By Scott Neil
For an Island as reliant on internet connectivity as Bermuda the advent of deliberate cyberspace attacks of a magnitude that can virtually cripple a country — as experienced by Estonia last month — is worrying.
Whether such an attack could be mounted against Bermuda, either as a terrorist action or deliberate sabotage by another country, is open to question.
But in light of the events in Estonia it is one that appears to require some contemplation.
The mounting of disabling attacks against individual web-sites and companies has been happening for many years, but a country-wide attack is something new.
Bermuda’s international business economy relies heavily on constant and uninterrupted internet and telecommunications links to the rest of the world.
Those links, primarily through three undersea cables between the Island and the US mainland, have been described as “Bermuda’s lifebood” and the reason why Government is tendering to add a fourth submarine telecommunications cable to provide additional security to the physical structure of those links.
How the attack on Estonia was carried out is still being analysed by NATO and others. The finger of blame was initially pointed at sources within neighbouring Russia, after the two countries became involved in a dispute shortly before the cyberspace attack due to Estonia’s relocating of a prominent Soviet-era soldier war statue.
In Estonia the distributed denial of service (DDoS) attacks — more than 120 of them — were targeted at internet protocol (IP) address within the former Soviet Union-controlled state. Government internet sites were the primary targets and some of the attacks lasted up to 10 hours, dealing a crushing blow to the country.
A flood of data from across the internet overwhelmed Government, bank and Estonian newspaper web-sites.
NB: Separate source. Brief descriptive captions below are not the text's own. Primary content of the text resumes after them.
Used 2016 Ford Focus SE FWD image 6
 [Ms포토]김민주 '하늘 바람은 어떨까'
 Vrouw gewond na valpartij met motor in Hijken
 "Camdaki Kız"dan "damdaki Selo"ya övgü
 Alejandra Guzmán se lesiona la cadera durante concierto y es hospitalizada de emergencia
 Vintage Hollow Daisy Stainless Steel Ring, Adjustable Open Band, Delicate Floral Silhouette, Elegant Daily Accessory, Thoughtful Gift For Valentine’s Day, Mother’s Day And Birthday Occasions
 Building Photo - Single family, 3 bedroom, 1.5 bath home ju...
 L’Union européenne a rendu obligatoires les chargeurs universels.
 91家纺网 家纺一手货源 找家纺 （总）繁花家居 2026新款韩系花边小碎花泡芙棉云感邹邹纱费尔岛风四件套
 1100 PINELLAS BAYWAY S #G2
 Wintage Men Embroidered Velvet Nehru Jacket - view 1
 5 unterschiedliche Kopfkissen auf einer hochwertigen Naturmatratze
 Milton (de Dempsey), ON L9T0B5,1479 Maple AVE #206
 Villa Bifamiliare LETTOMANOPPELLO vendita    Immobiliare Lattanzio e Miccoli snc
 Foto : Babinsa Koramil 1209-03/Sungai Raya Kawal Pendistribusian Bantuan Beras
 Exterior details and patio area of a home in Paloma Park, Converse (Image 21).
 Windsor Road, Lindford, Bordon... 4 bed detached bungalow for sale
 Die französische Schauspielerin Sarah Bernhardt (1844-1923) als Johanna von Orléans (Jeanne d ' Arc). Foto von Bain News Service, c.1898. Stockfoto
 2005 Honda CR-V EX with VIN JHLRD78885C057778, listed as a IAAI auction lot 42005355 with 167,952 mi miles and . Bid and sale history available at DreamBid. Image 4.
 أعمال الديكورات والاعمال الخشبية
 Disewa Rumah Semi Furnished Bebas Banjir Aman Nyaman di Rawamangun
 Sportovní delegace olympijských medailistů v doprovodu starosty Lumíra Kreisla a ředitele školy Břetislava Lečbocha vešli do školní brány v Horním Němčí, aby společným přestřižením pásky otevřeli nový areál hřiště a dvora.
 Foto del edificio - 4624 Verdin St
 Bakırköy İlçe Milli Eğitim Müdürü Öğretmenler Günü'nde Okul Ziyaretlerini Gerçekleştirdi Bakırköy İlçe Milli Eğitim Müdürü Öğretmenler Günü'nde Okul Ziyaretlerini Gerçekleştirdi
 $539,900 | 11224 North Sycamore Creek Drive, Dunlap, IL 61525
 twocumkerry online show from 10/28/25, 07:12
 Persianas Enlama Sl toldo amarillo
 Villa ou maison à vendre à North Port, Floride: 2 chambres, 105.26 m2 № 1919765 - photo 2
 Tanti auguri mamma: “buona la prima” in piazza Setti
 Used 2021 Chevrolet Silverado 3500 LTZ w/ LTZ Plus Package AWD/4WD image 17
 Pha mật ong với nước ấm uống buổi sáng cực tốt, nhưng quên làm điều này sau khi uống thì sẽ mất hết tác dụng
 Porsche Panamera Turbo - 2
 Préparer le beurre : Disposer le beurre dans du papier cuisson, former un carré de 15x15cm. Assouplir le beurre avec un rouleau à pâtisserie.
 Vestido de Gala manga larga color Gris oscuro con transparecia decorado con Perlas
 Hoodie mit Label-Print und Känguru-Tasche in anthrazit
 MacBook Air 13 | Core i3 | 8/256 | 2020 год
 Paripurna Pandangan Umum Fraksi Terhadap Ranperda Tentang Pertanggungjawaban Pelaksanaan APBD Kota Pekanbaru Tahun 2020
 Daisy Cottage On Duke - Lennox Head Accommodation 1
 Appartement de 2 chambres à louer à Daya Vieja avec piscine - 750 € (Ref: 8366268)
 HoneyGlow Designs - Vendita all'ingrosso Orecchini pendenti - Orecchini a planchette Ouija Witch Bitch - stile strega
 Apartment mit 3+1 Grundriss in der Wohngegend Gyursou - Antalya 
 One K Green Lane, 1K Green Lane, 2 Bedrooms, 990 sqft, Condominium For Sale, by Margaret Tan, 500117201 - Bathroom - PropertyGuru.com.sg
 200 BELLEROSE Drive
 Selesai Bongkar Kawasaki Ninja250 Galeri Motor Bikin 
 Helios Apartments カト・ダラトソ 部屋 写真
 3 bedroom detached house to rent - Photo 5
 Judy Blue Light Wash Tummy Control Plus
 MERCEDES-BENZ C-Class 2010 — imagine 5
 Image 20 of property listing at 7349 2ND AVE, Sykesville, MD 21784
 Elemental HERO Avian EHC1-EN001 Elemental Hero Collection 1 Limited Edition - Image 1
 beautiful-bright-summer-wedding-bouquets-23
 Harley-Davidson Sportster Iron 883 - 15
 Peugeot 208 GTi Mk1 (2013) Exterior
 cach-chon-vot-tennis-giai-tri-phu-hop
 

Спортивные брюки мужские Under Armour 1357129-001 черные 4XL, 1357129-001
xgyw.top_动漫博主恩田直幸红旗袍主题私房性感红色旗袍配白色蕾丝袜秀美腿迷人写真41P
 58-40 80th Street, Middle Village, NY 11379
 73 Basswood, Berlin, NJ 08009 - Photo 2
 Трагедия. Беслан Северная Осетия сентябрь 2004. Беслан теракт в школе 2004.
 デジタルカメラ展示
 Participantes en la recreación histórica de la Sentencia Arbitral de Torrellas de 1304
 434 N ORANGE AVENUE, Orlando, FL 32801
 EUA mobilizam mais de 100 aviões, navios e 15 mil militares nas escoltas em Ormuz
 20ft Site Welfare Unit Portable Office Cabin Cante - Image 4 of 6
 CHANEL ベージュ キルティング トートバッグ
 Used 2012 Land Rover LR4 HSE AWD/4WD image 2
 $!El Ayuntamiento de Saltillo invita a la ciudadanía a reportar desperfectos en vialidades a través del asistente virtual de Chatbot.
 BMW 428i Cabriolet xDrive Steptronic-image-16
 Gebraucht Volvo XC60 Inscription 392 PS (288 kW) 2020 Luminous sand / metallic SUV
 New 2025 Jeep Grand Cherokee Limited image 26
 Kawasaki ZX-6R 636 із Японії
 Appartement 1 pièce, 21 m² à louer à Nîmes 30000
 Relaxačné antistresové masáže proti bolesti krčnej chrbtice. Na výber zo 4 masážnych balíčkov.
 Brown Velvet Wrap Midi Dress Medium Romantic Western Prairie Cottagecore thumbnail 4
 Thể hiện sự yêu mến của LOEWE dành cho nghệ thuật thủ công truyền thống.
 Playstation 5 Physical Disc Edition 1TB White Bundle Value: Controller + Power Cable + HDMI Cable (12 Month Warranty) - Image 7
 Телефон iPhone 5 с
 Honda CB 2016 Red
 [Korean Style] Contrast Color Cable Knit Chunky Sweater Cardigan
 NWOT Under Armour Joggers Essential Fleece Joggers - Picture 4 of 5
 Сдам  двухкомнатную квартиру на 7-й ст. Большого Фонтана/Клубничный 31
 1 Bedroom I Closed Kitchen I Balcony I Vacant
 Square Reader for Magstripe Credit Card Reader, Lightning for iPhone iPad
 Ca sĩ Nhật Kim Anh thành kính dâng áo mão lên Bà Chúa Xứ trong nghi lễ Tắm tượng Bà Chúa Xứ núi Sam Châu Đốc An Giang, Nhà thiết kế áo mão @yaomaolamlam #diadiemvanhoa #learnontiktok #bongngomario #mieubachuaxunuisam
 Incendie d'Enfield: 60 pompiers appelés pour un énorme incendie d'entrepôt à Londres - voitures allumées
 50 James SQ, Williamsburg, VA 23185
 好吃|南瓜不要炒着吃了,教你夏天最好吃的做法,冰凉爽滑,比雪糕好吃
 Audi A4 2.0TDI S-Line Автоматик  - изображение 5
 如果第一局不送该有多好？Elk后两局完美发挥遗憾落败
Because of the nature of the attack and its use of remote “hijacked” computers across the world, estimated at around one million computer terminals, it is impossible to tell if the attack was an officially sanctioned assault by a Government or simply the work of a network of computer experts.
Linton Wells, from the Pentagon, said in the International Herald Tribune: “This may well turn out to be a watershed in terms of widespread awareness of the vulnerability of modern society. It has gotten a lot of people’s attention.”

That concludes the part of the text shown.